コンプライアンスやリスク管理に関するその時々のホットなテーマを、現場を知る
危機管理専門会社ならではの時流を先取りする鋭い視点から切り込み、提言するコラムです。

杭打ち偽装問題の深淵(2015.11)

杭打ち偽装問題の深淵

問題の背景

 神奈川県横浜市の大型マンションが傾いたことに端を発した杭打ち偽装問題は全国的な拡がりを見せてきた。これまでの報道によると、多層な下請け構造を有する業界の問題点は指摘されるものの、その中でも杭打ち作業の管理や指示を担当する二次下請けの旭化成建材とその親会社である旭化成に対する風向きが強くなっている。と同時に、データを偽装した契約社員の個人的な資質や責任に帰そうとする意図が垣間見られる。
 本当にそれで良いのだろうか、それで済む問題なのだろうか。もちろん、そんなことはなく、業界全体の問題として、悪しき慣行にメスを入れていかなければならないであろう。
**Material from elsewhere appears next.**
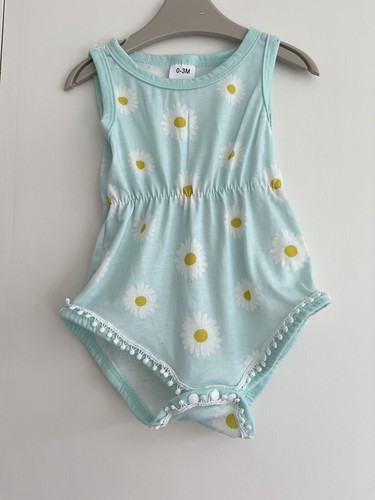 Baby Girls 0-3 Months Summer Romper Bundle Blue Green Flowers F&F - Picture 13 of 20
 まず、問題となったマンションの工事発注経路を辿ってみよう。マンションの販売をしたのは、業界大手の三井不動産レジデンシャルである(親会社は三井不動産)。その下に、施工の元請け会社(工事の受注者)として、三井住友建設があり、さらに、一次下請けに日立ハイテクノロジーズ(旧社名日製産業)、そして、二次下請けとして旭化成建材が来る。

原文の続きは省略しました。